I tried a number of ways to make a stacked or side by side bar chart. I couldn't quite get it to work though.
So I used a pie chart. Don't judge my data visualization sensibilities too harshly, it still communicates the information that Males and Females don't have noticeably different amounts of churn. To test this properly, we would need to set up a rigorous hypothesis test, which I may attempt in a future article.
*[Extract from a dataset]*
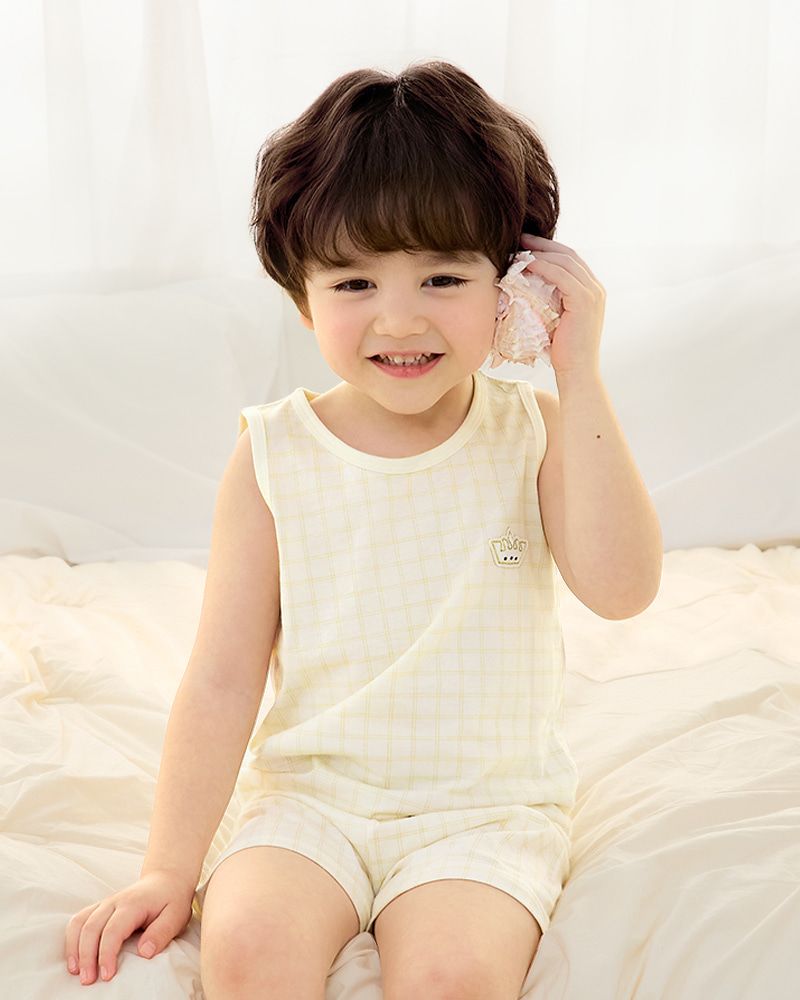 Bộ đồ ba lỗ cotton mịn bé trai và bé gái U4100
'pie; color red,black; xlabel No Yes; title Male Female' plot |: (> (1 {"1 (counter ((< 'Male') E. 1 col df) # (_1 col df)))) ,. (> (1 {"1 (counter ((< 'Female') E. 1 col df) # (_1 col df))))
Interestingly, you can see that there is a difference in senior and non senior citizens. This implies that senior citizens are less likely to churn, or actually they churn less often. Further analysis into lifetime value may show that seniors are quite a valuable demographic because of the relatively lower churn rate.
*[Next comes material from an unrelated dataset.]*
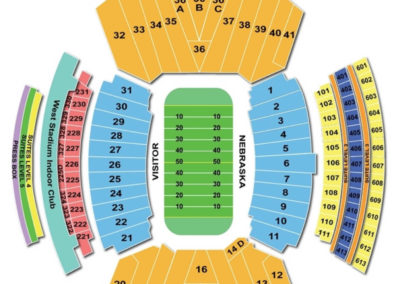 Memorial Stadium Nebraska Seating Chart Football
I wonder, if something less "demographic" would be even more insightful. There is a column 'contract' which describes what kind of contract each customer is engaged in.
counter 15 col df ┌──────────────┬────┐ │Month-to-month│3875│ ├──────────────┼────┤ │One year │1473│ ├──────────────┼────┤ │Two year │1695│ └──────────────┴────┘
My hypothesis is that there will be more churn on Month-to-month contracts. If that is the case, then an actionable insight would be to try and convert Month-to-month users to more long term contracts. Potentially increasing their lifetime value.
This image mostly confirms my hypothesis. We should look into the up and cross selling programs to determine if there are some frictions that can be removed in converting from Month-to-month to a longer term contract.
In general, working with J is mind-expanding. I'm not nearly as fast as I am in Python, but it's such a blast.